It is a belief in one god as
distinct from the belief in several gods. In other words, it applies to
God the mathematical concept of unity, a concept which can only come
into cognition by virtue of contrasts and determinations, and which
forces therefore the believer either to Pantheism or anthropomorphism to
reconcile his belief with his reason. No other resource is left him.
With monotheism there must always be the idea of numerical separateness,
which is incompatible with universal conceptions.

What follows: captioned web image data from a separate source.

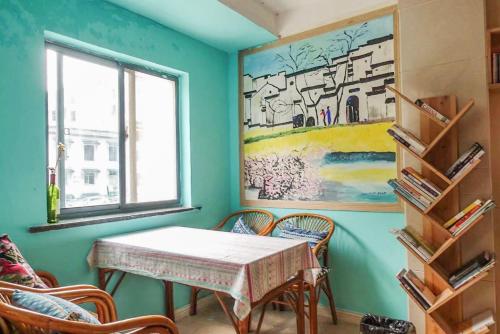 Area soggiorno di Kunlun International Youth Hostel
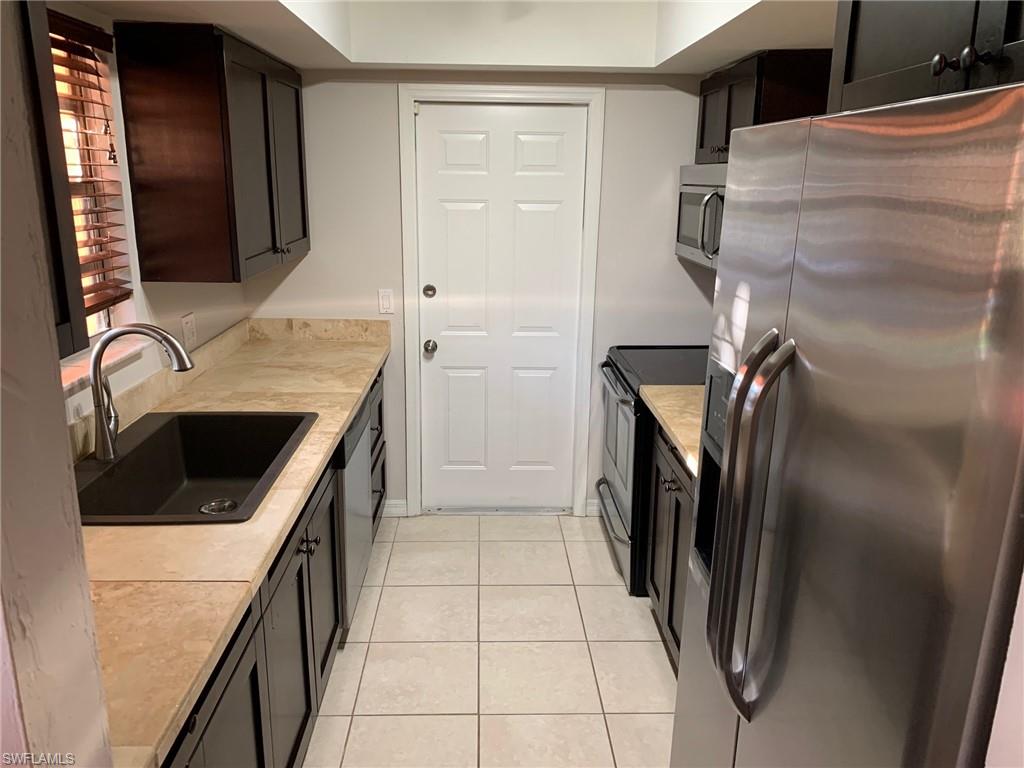 2075 17th Street Southwest Naples, FL 34117 - Photo 9 of 13 a storage room with washer and dryer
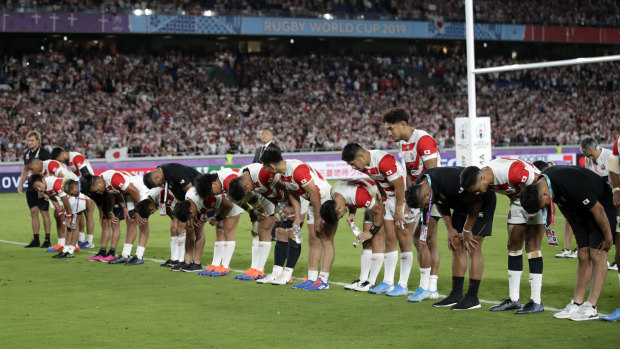 Japan players salute their fans after defeating Scotland at the 2019 World Cup.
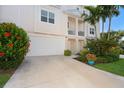 Exterior view of a two-story townhome with a garage and lush landscaping at 10309 Coral Landings Ct # 101, Placida, FL 33946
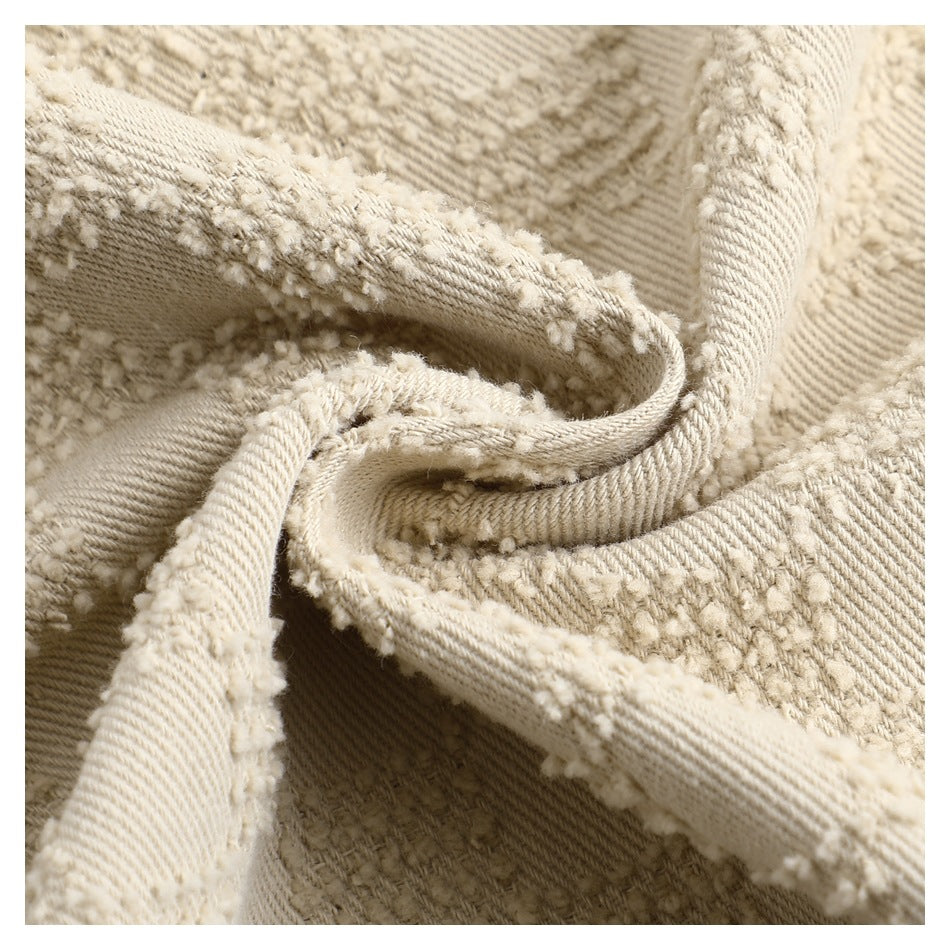 Macro view of the beige trousers' raised check texture, woven surface and folded edge.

Let him, however, clear his mind of the current admiration for
monotheisms, and impress upon himself that he who would form a
conception of supreme intelligence must do so under the rules of pure
thought, not numerical relation. The logical, not the mathematical,
unity of the divine is the perfection of theological reasoning. Logical
unity does not demand a determination by contrasts; it conveys only the
idea of identity with self. As the logical attainment of truth is the
recognition of identities in apparent diversity, thus leading from the
logically many to the logically one, the assumption of the latter is
eminently justified. Every act of reasoning is an additional proof of
it.[188-1]
Nor does the duality of nature and thought, to which I have alluded, in
any wise contradict this. In pure thought we must understand the
dichotomic process to be the distinction of a positive by a privative,
both logical elements of the same thought, as I have elsewhere shown.
The opposites or contraries referred to as giving rise to the dualistic
conceptions of divinity are thus readily harmonized with the conception
of logical unity. This was recognized by the Hindoo sage who composed
the Bhagavad Gita, early in our era. Krishna, the Holy One, addressing
the King Ardjuna says: "All beings fall into error as to the nature of
creation, O Bharata, by reason of that delusion of natural opposites
which springs from liking and disliking, oh thou tormentor of thy
foes!"[189-1]
The substitution of the conception of mathematical for logical unity in
this connection has left curious traces in both philosophy and religion.
It has led to a belief in the triplicate nature of the supreme Being,
and to those philosophical triads which have often attracted thinkers,
from Pythagoras and Heraclitus down to Hegel and Ghiberti.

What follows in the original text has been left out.